→ WHAT YOU HAVE TO DO
Repeat the records below verbatim, and do not copy their pictures.

──────

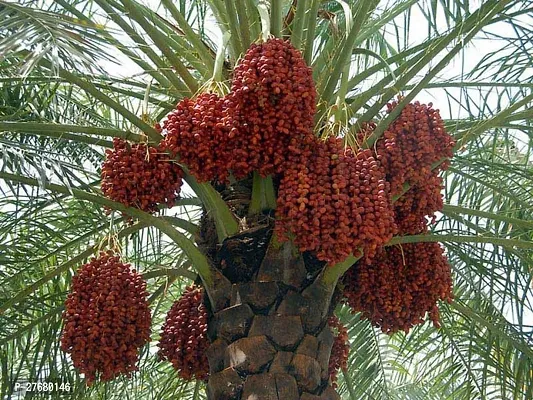 Zomoloco Datefruit Live Datekhajoor Plant With P-thumb0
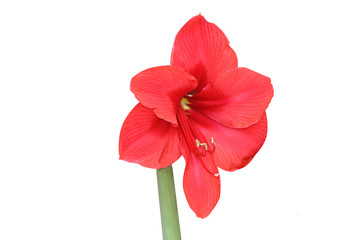 Red hippeastrum  ,Red amaryllis flower blooming isolated on white background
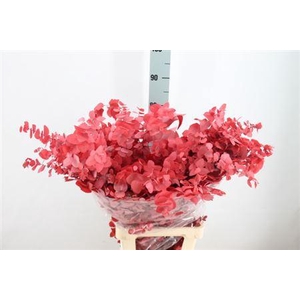 Euca Stuartiana Stabilizzata Red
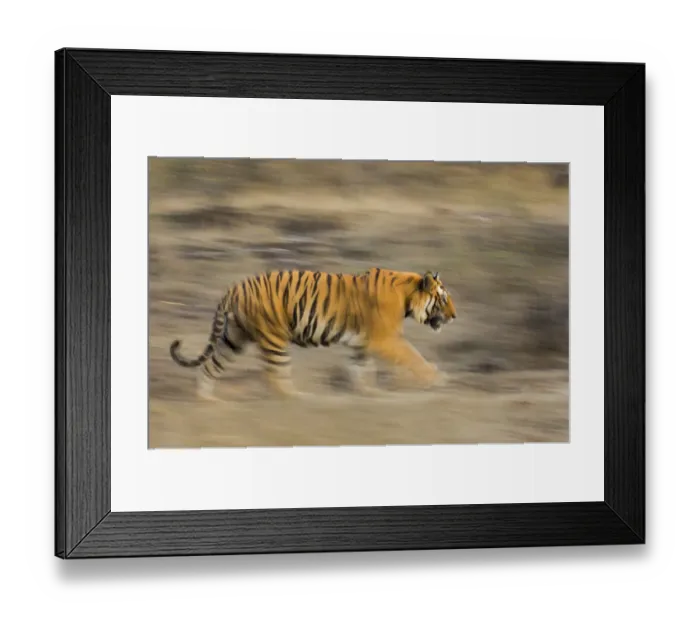 Framed Print : Male Bengal tiger (Panthera tigris tigris) known as Sundar (B2) patrolling territory Framed Print : Male Bengal tiger (Panthera tigris tigris) known as Sundar (B2) patrolling territory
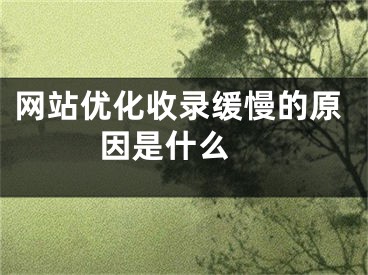 网站优化收录缓慢的原因是什么 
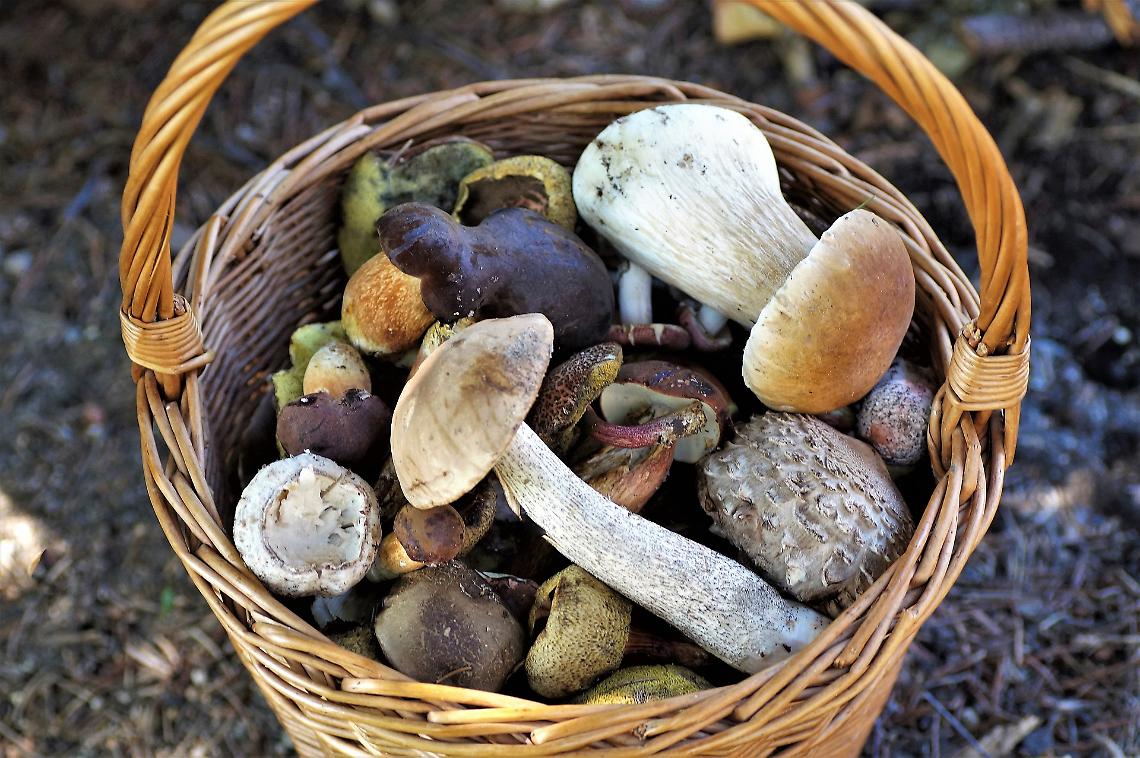 raccolta funghi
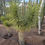 Thumbnail: Joshua Tree (Small)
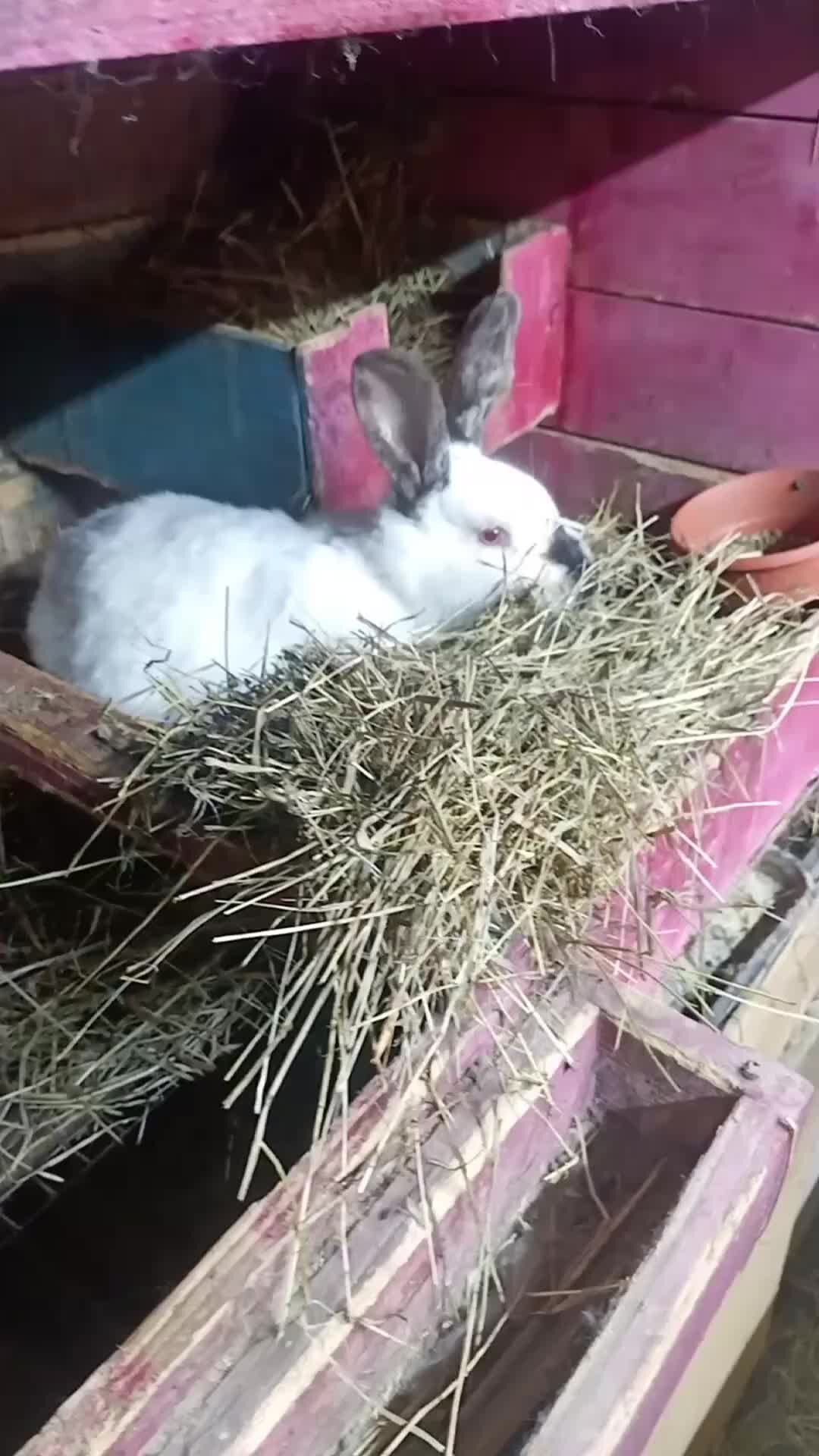 крольчата. кролик фото. маленький зайчик. новорожденный кролик. маленькие кролики.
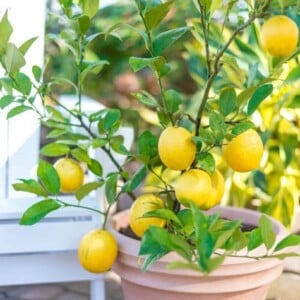 Zitrone selber ziehen - Tipps und Tricks fürs eigene Zitronenbäumchen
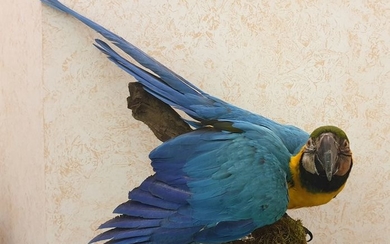 Blue-and-yellow Macaw - full body - - Ara ararauna - 40×50×80 in
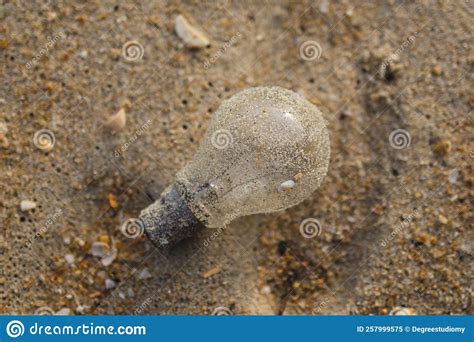 Glass Light Bulb Pollution on the Beach. Stock Image - Image of change ...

──────

→ ANSWER FOR THE TASK
 Zomoloco Datefruit Live Datekhajoor Plant With P-thumb0
 Red hippeastrum  ,Red amaryllis flower blooming isolated on white background
 Euca Stuartiana Stabilizzata Red
 Framed Print : Male Bengal tiger (Panthera tigris tigris) known as Sundar (B2) patrolling territory Framed Print : Male Bengal tiger (Panthera tigris tigris) known as Sundar (B2) patrolling territory
 网站优化收录缓慢的原因是什么 
 raccolta funghi
 Thumbnail: Joshua Tree (Small)
 крольчата. кролик фото. маленький зайчик. новорожденный кролик. маленькие кролики.
 Zitrone selber ziehen - Tipps und Tricks fürs eigene Zitronenbäumchen
 Blue-and-yellow Macaw - full body - - Ara ararauna - 40×50×80 in
 Glass Light Bulb Pollution on the Beach. Stock Image - Image of change ...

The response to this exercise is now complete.